NASCAR Can’t Catch a Break as Flash Floods Delay Bristol Dirt Race
NASCAR and rain don’t get along. America’s premiere stock car series won’t even touch the track if it’s wet out, so when poor weather hit this year’s season-opening Daytona 500, NASCAR had no option but to wait six whole hours, dragging tv viewership to an all-time low, according to SportsPro. Looking back, however, it had nothing on NASCAR’s attempted return to dirt this weekend, where once again, weather conspired to rain on NASCAR’s parade. This time, though, so hard that it postponed racing until Monday.
Weather reportedly first took its toll on Saturday’s qualifying heats, initially delaying the Trucks qualifier until the evening after a two-hour dry period according to The Charlotte Observer. But after NASCAR gave the go-ahead, it reportedly reversed its decision after a single lap, with mud kicked up by the trucks’ specially made bias-ply tires
obscuring drivers’ windshields.
Stewart Friesen’s NASCAR Truck spattered with mud at Bristol Motor Speedway
By the time track officials registered three inches of rainfall on Sunday morning, the National Weather Service had issued a flash flood warning for the area, one proved prophetic by photos captured that day. In images and video taken Sunday, Bristol Motor Speedway’s carefully prepared premises can be seen flooded, standing water swamping the road to the track and an area reportedly occupied by vendors’ tents. Accordingly, NASCAR postponed both its Truck and Cup series races to Monday, scheduled for 12 and 4 p.m. ET respectively.

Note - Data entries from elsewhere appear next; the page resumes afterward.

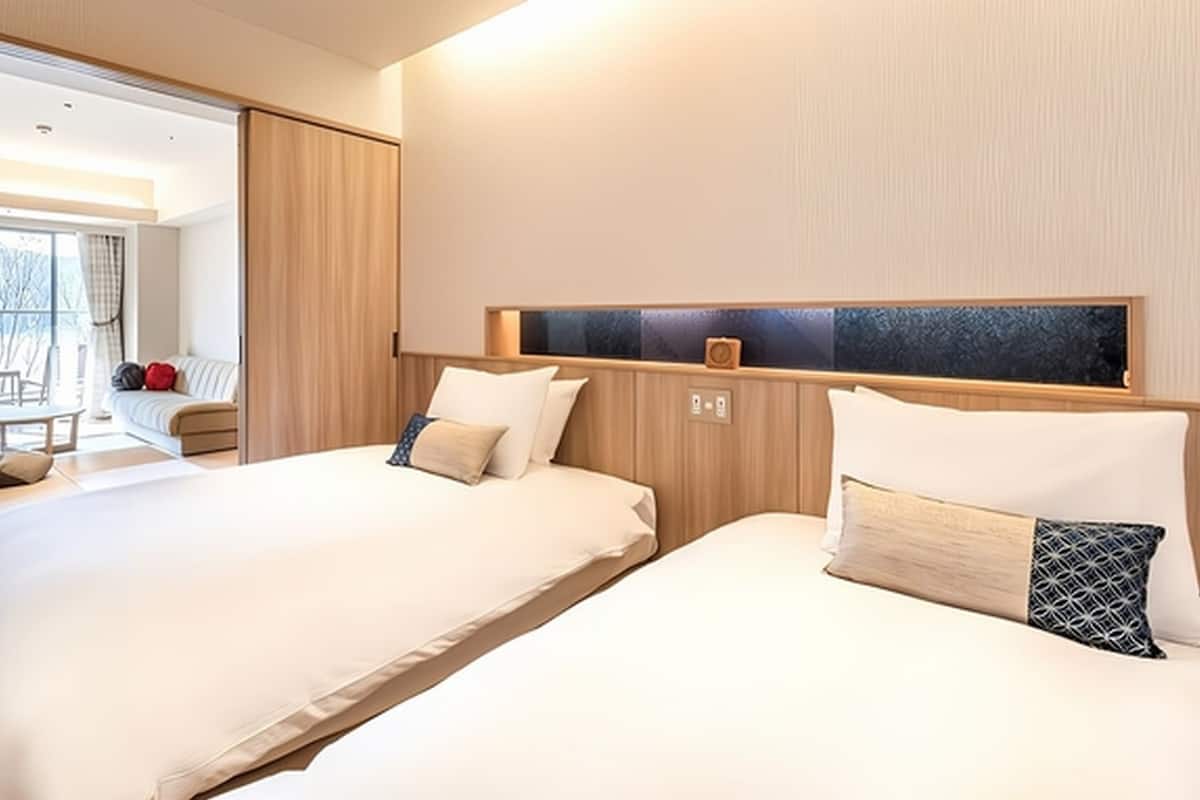 Ein modernes Hotelzimmer mit zwei Betten, einem großen Fenster, einer Couch und einem Essbereich.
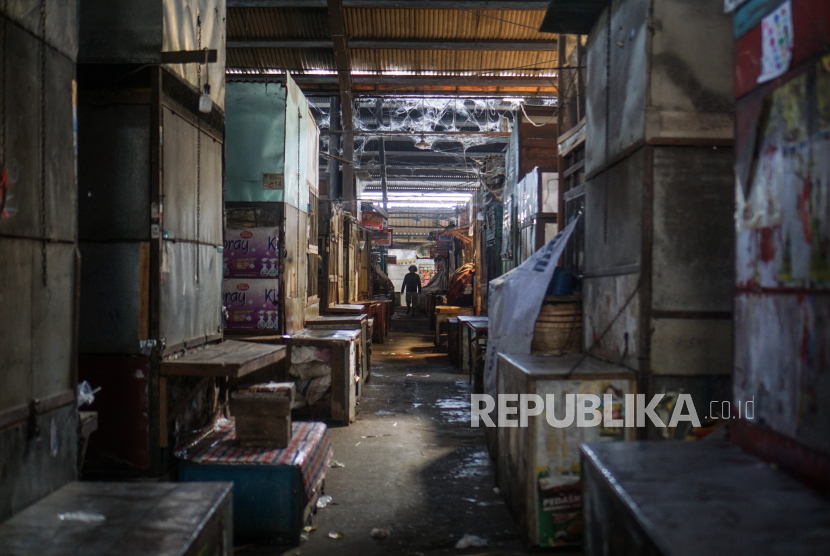 Seorang pedagang melintas di deretan kios Pasar Harjodaksino yang tutup sementara di Solo, Jawa Tengah, Selasa (14/7/2020). Pemerintah Kota Solo menutup sementara pasar tersebut selama tujuh hari kedepan setelah terdapat satu pedagang meninggal dunia terkonfirmasi COVID-19. 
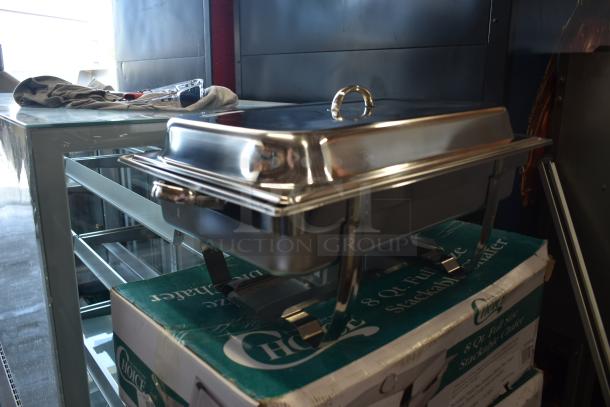 Stainless steel chafing dish on box, 8-quart capacity, with lid and handles, appears in good condition, no visible marks.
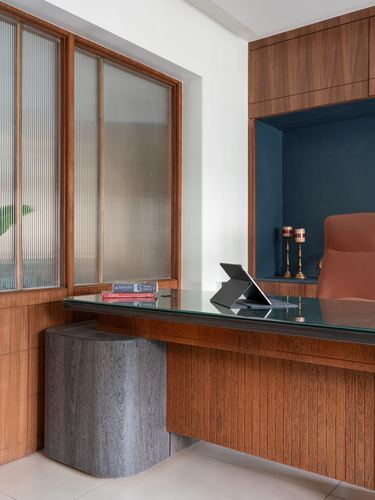 Wooden desk with glass top beside reeded glass window and navy velvet niche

As of Monday morning, the races look set to go on. The Weather Channel forecasts a sunny day of modest humidity, and images of the paddock posted to the track’s Twitter show the area has drained since yesterday. Even so, when NASCAR lets the green flag fly for its Truck series, it’ll come as a surprise if they don’t still kick up an alarming amount of mud. Let’s hope there’s some racing surface left by the time the “god-awful bad” Cup cars hit the track this afternoon.